December IIP reported at -1.3%, Jan CPI rises to 5.69%

According to a CNBC-TV18 poll, IIP levels was expected around -1.26 percent against -3.2 percent Month-on-Month (MoM), while consensus was expecting the consumer price index (CPI) to come in at around 5.52 percent.

India's Index of Industrial Production (IIP) for the month of December has contracted 1.3 versus -3.2 percent in November, while the Consumer Price Index (CPI) for the month of January has come in flat at 5.69 percent compared with 5.6 percent reported for the month of December.

According to a CNBC-TV18 poll, IIP was expected at around -1.26 percent, while consensus was expecting the consumer price index (CPI) to come in at around 5.52 percent.

Furthermore, food inflation came in at 6.85 percent versus 6.40 percent last month, with vegetable price inflation coming in at 6.39 percent versus 4.63 percent MoM, cereals and products rising marginally to 2.19 percent versus 2.12 percent a month ago. The only good news has come on the pulses and products front, which came in at 43.32 percent, against 45.92 percent MoM.

Shubhada Rao, Chief Economist of Yes Bank, says if things go well and 7th Pay Commission is implemented, inflation would be at 5.4 percent next year, caveats being agricultural and commodity output. She believes the government will have to make a move to boost the economy.

In addition, data suggests that both rural and urban inflation grew to 6.48 percent and 4.81 percent MoM. While clothing and footwear inflation was reported flattish at 5.71 percent, urban consumer housing inflation rose to 5.2 percent against 5.06 percent MoM.

Other than that, the combined fuel and light inflation shrunk to 5.32 percent.

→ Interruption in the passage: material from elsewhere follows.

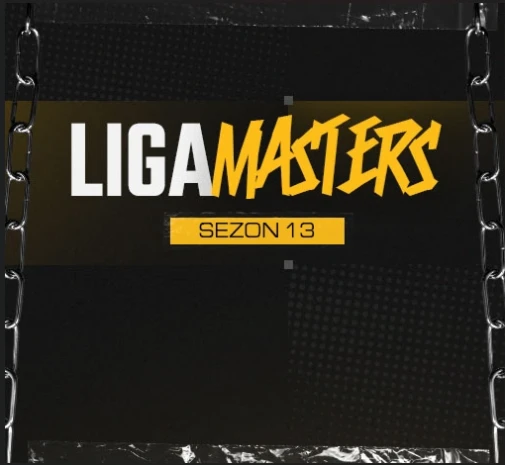 Турнір CS2 MASTERS S13 PLAYOFFS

As far as industrial production is concerned, ten out of twenty two industry groups in the manufacturing sector have shown negative growth during the month of December as compared to the corresponding month of the previous year. Analysing sectorally, mining, manufacturing and electricity grew 2.9 percent, -2.4 percent and 3.2 percent in December as compared to the same month in 2014.

Basic goods output was at 0.5 percent versus -0.7 percent MoM and capital goods output grew at -19.7 percent versus -24.4 percent MoM. Soumya Kanti Ghosh, Chief Economic Advisor, SBI, says it is the Chinese issues which are hampering market in the capital goods segment and if the IIP weakness continues, Reserve Bank of India (RBI) may have to change policy rates in the month of April.

Furthermore, consumer goods output, consumer durables output and consumer non-durables output stood at 2.8 percent, 16.5 percent and -3.2 percent, respectively.